Looking for too long at something can sometimes make it harder to ‘see’ what you are looking for, according to Li Zhaoping and Nathalie Guyader at UCL.
In an odd-one-out type task, a single line orientated like this / was hidden among dozens of lines leaning the other way like this \ and the participants had to indicate which side of the screen the oddball was on (see left-hand image, above). It’s an easy task because the unique line pops out in an attention-grabbing way.

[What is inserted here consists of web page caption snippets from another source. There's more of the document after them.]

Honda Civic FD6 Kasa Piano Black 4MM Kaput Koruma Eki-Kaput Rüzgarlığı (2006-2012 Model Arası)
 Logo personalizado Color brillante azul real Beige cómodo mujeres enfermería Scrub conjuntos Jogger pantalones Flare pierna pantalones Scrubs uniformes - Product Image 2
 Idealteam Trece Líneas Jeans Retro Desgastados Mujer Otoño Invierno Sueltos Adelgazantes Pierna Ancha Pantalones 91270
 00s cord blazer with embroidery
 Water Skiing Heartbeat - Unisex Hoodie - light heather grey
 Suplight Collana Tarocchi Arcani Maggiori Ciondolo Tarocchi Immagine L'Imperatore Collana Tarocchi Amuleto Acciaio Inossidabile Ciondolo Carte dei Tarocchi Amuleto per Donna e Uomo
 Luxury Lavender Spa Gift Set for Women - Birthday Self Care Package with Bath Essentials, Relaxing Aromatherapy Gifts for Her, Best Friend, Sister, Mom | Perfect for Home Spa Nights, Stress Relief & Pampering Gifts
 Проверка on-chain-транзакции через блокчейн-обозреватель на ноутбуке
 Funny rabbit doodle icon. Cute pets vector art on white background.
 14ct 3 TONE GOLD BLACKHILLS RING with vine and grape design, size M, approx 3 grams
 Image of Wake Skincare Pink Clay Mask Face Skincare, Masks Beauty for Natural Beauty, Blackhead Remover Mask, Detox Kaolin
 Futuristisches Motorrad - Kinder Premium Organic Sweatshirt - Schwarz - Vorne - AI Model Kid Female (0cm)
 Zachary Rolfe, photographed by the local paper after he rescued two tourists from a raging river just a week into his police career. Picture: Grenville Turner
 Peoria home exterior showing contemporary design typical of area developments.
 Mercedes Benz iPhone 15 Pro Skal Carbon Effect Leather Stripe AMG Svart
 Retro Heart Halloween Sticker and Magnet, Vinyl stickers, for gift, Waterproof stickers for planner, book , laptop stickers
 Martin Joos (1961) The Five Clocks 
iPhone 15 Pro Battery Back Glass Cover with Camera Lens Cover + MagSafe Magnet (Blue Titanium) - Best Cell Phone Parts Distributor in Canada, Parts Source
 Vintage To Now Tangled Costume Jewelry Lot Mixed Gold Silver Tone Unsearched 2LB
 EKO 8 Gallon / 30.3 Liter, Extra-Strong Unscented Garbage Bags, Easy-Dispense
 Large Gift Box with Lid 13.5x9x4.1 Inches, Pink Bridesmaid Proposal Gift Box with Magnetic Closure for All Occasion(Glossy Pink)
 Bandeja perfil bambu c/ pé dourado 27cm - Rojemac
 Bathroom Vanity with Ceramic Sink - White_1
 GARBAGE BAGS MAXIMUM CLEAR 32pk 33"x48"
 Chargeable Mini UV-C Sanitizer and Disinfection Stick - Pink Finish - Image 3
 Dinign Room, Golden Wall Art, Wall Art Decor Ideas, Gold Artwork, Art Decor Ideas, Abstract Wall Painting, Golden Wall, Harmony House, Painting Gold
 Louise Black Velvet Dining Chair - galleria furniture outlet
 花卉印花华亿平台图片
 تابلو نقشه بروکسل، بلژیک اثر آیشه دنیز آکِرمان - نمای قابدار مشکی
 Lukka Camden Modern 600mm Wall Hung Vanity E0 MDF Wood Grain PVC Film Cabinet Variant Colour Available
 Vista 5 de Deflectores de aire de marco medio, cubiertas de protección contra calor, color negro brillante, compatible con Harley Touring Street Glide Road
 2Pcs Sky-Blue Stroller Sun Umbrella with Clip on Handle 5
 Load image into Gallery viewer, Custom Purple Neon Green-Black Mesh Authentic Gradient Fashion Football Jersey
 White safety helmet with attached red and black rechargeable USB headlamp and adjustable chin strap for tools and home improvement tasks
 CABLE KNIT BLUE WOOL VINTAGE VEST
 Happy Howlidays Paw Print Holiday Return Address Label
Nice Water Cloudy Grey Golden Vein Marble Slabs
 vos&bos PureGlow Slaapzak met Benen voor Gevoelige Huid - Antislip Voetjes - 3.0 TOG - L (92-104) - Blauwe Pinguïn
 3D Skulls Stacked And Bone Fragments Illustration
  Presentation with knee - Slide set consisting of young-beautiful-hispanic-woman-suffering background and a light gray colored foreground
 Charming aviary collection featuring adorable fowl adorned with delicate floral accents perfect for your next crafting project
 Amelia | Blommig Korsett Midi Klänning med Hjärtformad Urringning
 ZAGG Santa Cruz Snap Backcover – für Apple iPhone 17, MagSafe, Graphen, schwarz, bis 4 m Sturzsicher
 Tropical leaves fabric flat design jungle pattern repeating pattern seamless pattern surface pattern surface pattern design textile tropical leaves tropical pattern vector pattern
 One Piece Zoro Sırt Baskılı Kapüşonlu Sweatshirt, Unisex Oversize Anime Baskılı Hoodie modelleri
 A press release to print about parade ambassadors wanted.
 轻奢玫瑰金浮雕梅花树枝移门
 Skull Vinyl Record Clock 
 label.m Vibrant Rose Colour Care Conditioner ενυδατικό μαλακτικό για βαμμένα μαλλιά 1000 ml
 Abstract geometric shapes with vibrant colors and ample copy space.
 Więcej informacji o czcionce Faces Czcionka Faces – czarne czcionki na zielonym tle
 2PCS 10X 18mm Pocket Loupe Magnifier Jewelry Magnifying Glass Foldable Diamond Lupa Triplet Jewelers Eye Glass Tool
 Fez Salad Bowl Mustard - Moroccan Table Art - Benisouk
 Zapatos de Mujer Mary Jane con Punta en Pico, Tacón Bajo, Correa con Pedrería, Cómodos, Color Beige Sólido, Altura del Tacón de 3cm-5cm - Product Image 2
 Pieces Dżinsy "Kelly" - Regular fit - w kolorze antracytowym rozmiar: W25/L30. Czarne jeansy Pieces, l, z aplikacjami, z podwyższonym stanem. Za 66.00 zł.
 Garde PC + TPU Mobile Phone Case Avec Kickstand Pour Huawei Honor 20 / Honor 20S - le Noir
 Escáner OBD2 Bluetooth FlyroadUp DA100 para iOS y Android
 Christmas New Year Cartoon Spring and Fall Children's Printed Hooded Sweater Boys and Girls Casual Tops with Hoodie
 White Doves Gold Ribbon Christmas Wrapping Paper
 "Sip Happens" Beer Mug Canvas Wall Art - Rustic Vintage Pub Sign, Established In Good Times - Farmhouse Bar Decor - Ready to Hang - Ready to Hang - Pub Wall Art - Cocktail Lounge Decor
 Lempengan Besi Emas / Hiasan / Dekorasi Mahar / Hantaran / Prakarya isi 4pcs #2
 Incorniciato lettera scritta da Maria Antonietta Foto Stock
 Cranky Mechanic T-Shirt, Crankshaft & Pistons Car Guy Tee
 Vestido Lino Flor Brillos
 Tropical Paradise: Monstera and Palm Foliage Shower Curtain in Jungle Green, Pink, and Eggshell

But then the task was made much harder because a vertical or horizontal line (like this – or like this |) was drawn through all the original slanting lines (see right-hand image, above). Again the participants had to spot the oddball – the only item to feature a line slanting to the right /. The intriguing finding is that the participants’ performance became less accurate, the longer they were given to spot the odd-one-out (95 accuracy for a fraction of a second vs. 70 per cent when they had over a second to look). Some of them even said they felt they had spotted the odd-one-out, only for it to disappear the longer they looked.
Although only one item featured a line leaning like this /, with a bit of rotation, all the items were in a sense identical. This is crucial because the researchers said that looking at the display for over a second meant higher-level visual processing had a chance to kick in – processing that is used for recognising objects regardless of their orientation. Once this happened, it made all the items appear the same. By contrast, when the participants were given less than 100ms to look at the display, only lower level visual processing had a chance to take place – the kind of processing that focuses on the features of objects like their orientation – and this made the odd-one-out, with its uniquely slanted line, easier to spot.
“Our finding is the first we know of providing quantitative psychophysical data to suggest that deeper cognitive processing can be detrimental to some visual cognitive tasks”, the researchers said.
Apparently the participants cottoned on to some performance-improving strategies, such as deliberately defocusing their vision, or staring at the centre of the display. The researchers said this was consistent with their explanation because our peripheral and defocused vision relies more on the magno visual pathway, which is associated with lower-level, feature-based vision.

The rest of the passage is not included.